How AI Learned Whether You'll Complete Tomb Raider: Underworld
One of the first published examples of player analytics in AAA games.
AI and Games is made possible thanks to crowdfunding on Patreon as well as right here with paid subscriptions on Substack.
Support the show to have your name in video credits, contribute to future episode topics, watch content in early access and receive exclusive supporters-only content
If you'd like to work with us on your own games projects, please check out our consulting services provided at AI and Games. To sponsor our content, please visit our dedicated sponsorship page.
Note: This episode was originally written in 2018 and published on our old website.
Tomb Raider: Underworld, the 2008 action adventure game by Crystal Dynamics is largely famous in academic research for a reason most players would never know. The story of one of the first major efforts at analysing player performance in a AAA video game — a feat achieved through large scale data collection and a little bit of help from artificial intelligence. All in an effort to answer the question: do players actually play the games we make in the way we expect them to?
Player Analytics: A Primer
Nowadays it’s incredibly common for games to adopt some form of analytics: a process whereby data is collected on how well the game performs as well as how players behave within it. This data can be used for a number of reasons, ranging from understanding the performance of the game, identifying issues within it, or more critically learning how players act within the game, which can lead to a number of interesting conclusions that studios can upon.

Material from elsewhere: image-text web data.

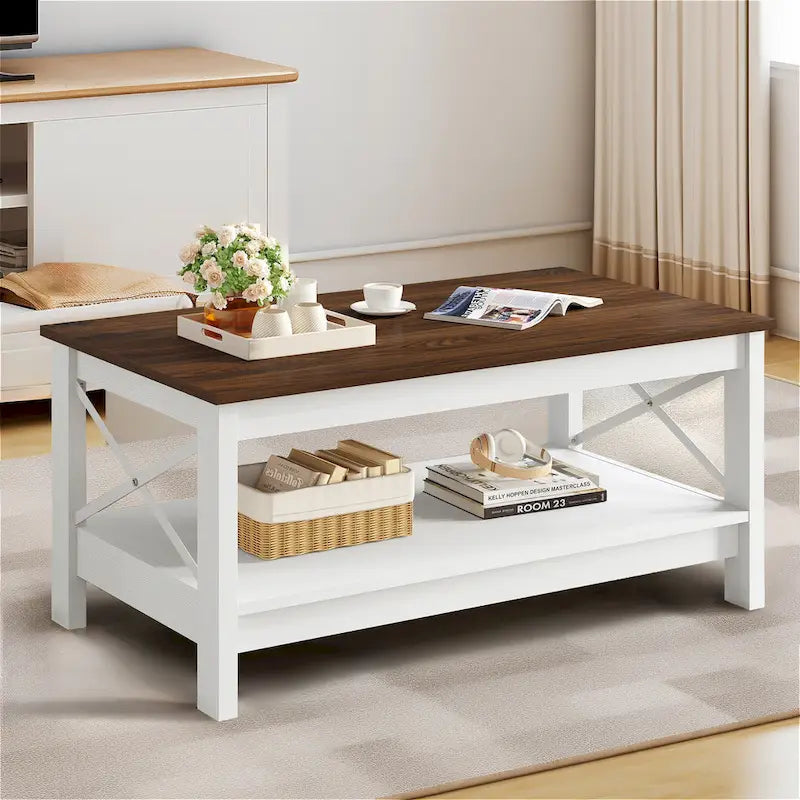 Farmhouse Wood Accent Coffee Table with Large Storage Shelf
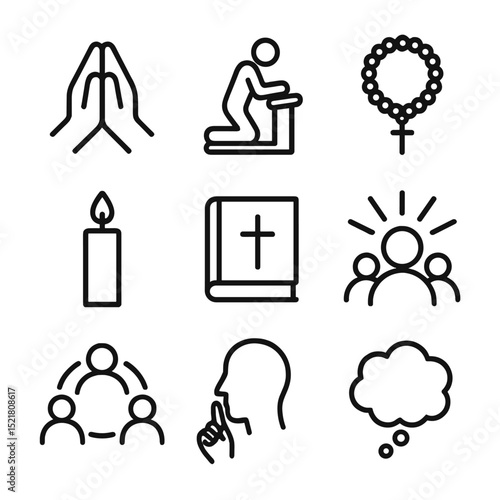Prayer Meeting Icons. Outline icon set of prayer meeting circle: praying hands, kneeling bench, rosary beads, candle, bible, light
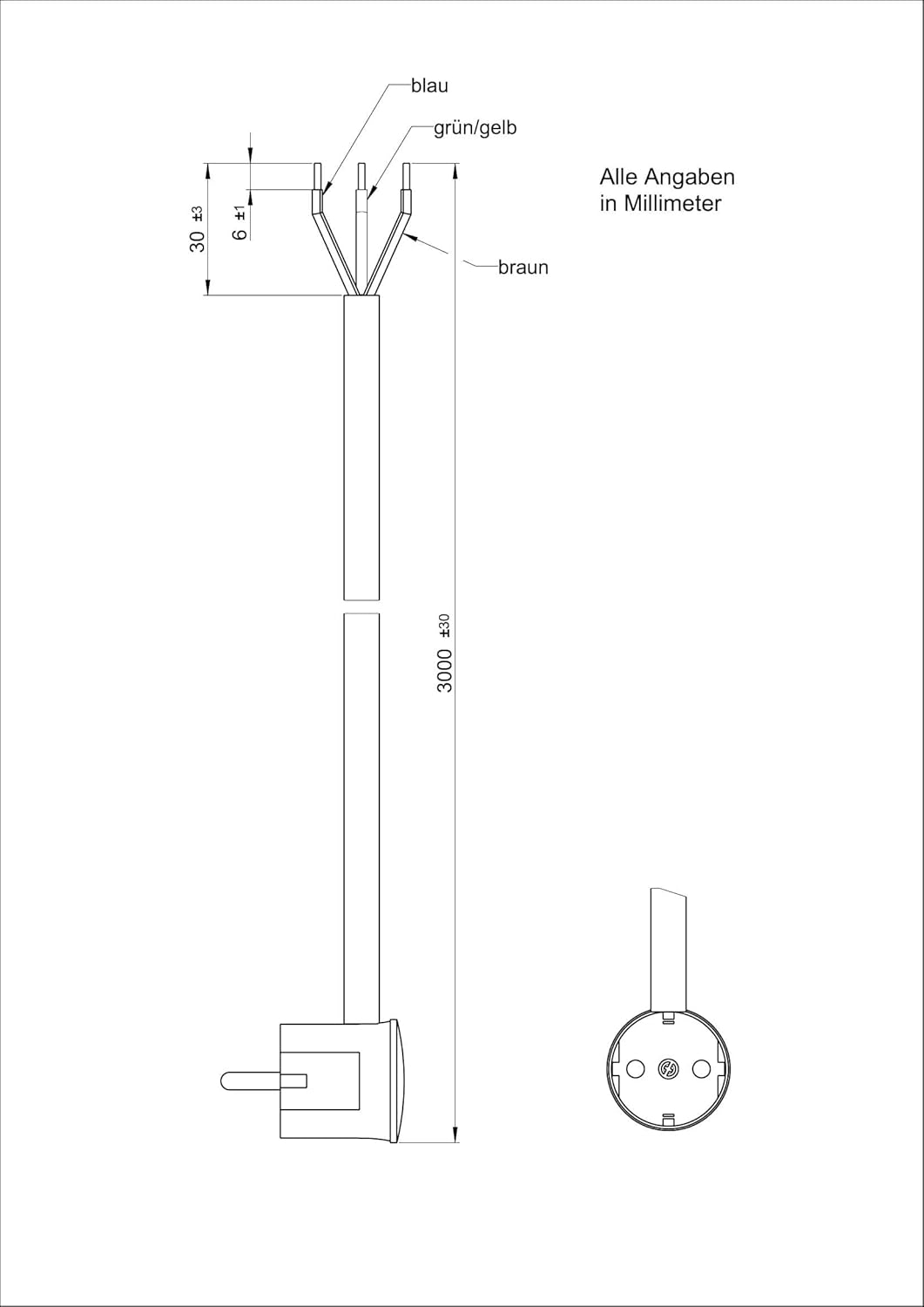 Textilkabel Zuleitung mit Schuko-Stecker (Winkelstecker aus Duroplast: Bakelit Optik), Leitung H03VV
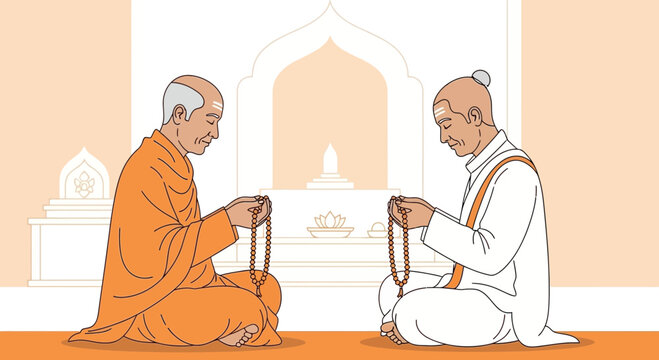 Guru purnima spiritual gurus meditating with sacred prayer beads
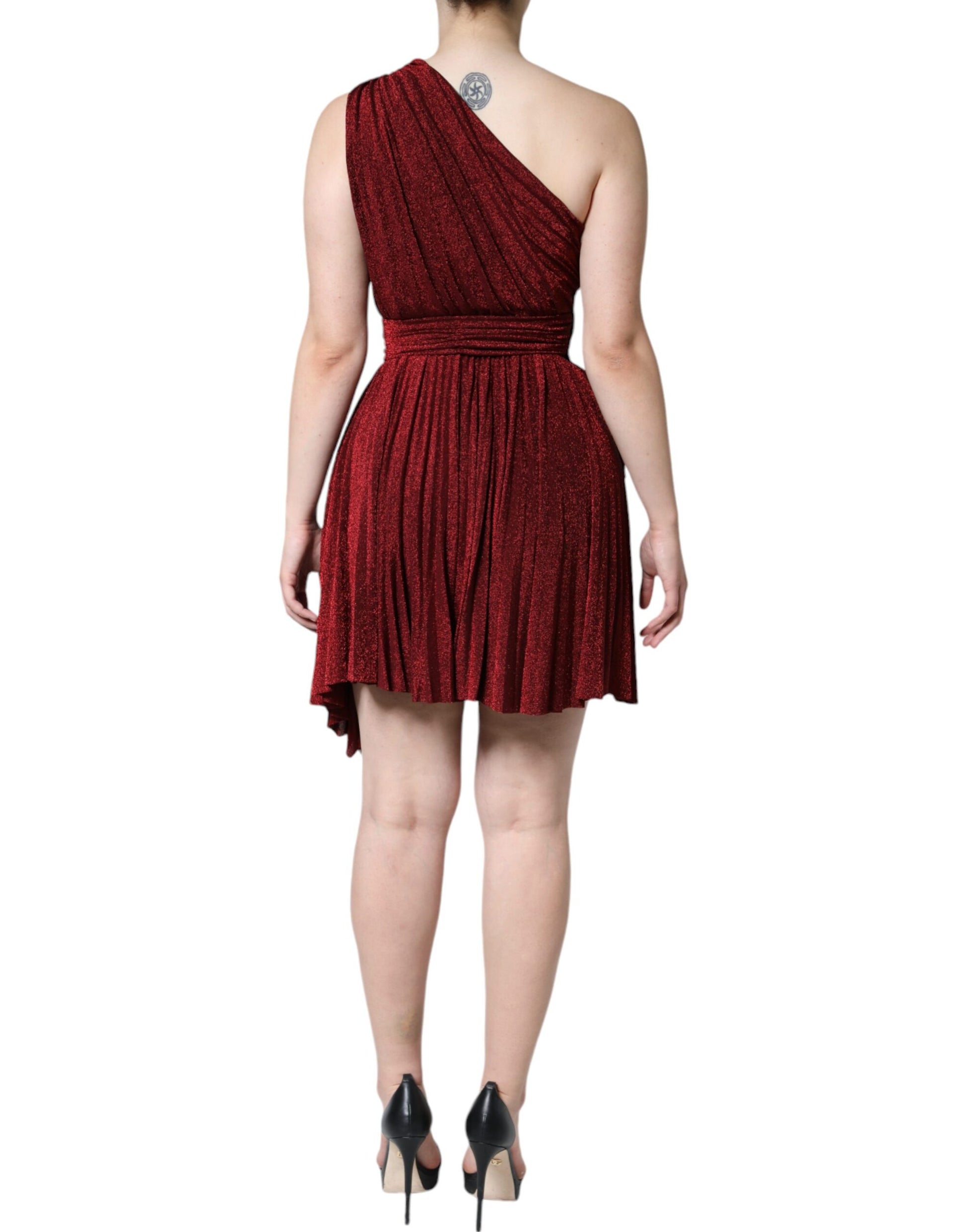 A red one shoulder pleated A-line mini dress from the brand Dolce & Gabbana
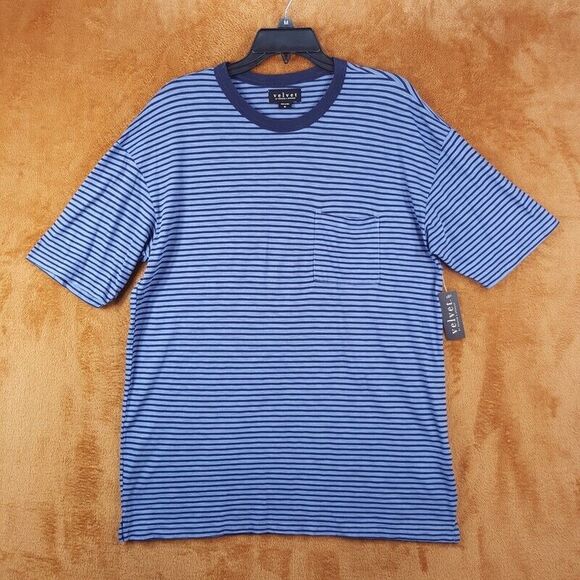VELVET GRAHAM SPENCER Mens Shirt Small Blue Stripe Pullover Crew Pocket Tee - Picture 2 of 8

For example, live service games such as Fortnite are able to react to community behaviour: rolling out updates frequently to address gameplay balance based on player data. While this is also attainable from player feedback, often the data itself can give more meaningful insights into how players actually behave, versus how they say they do. Plus live-service games often have free-to-play monetisation models, and so they adopt this processes for the purposes of recognising levels of engagement in an effort to drive more revenue from their most active players, or encouraging new or lapsed players with a good deal on in-game items.

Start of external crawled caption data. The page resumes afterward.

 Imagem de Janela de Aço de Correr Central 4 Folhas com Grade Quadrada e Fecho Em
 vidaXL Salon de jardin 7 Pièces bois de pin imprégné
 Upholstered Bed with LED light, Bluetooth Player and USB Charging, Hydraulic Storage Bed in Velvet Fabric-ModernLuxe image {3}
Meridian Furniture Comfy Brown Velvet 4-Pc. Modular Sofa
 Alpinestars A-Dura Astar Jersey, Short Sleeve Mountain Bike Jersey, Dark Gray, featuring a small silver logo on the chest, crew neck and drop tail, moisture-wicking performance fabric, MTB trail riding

This isn’t the first time we’ve seen how large-scale data collection can be used to model aspects of player behaviour in games. To-date I’ve covered two academic projects, namely player performance analysis in Battlefield 3 as well as status analysis and the cosmetics economy in Team Fortress 2. Each of which highlighting how data about players can tell us interesting things that we perhaps wouldn’t expect. However it can also be used as part of core gameplay, a point I covered when exploring the ‘shadow AI’ in the reboot of Killer Instinct that replicates how a human plays to create an AI counterpart.

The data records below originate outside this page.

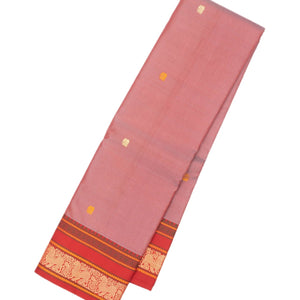 Dusty Pink Handloom Kanchipuram Silk Saree With Elephant Motifs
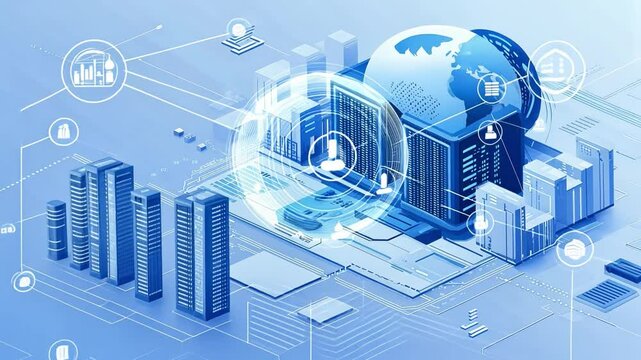Global Network Data Visualization: A 3D illustration depicting a futuristic data network connecting cities around the globe.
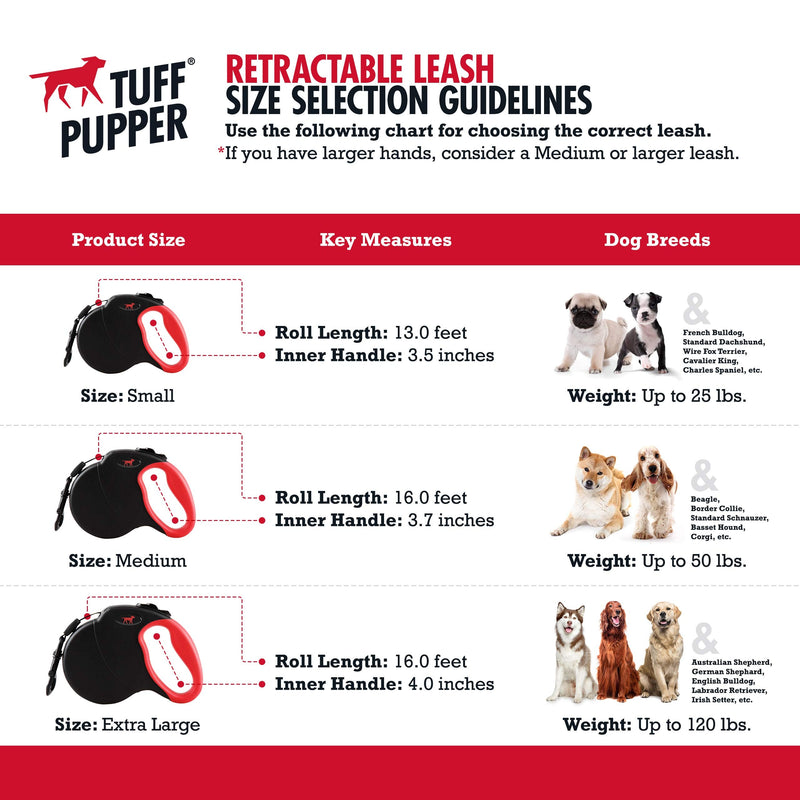 Tuff Pupper Heavy Duty Retractable Dog Leash | 16 ft Dog Leash with Reflective Stitching for Nighttime Safety | One Button Lock and Release | Comfortable Hand Grip | for Dogs Up to 120 lbs X-Large (Pack of 1) Ultra Violet - BeesActive Australia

Player analytics has become increasingly commonplace with the surge of cloud computing and machine learning AI in recent years, but conducting this type of work even ten years ago was a bit of a hurdle. The technical infrastructure wasn’t in place and arguably the expertise in how to process and handle data at this scale wasn’t yet established.
As such, let’s take a look at how this work was achieved in Tomb Raider, how data was collected and processed and what they actually learned through this experiment.
About the Research
The research in question started back in 2008 and was intent on evaluating how audiences play a game once it has been released in the wild. While it’s commonplace for focus testing to be conducted during a games development, the work was intent on better understanding how target demographics play in their natural environment. This would help identify whether a game is meeting the expectations of both players and designers by looking at how it is performing ‘in the wild’ if you will.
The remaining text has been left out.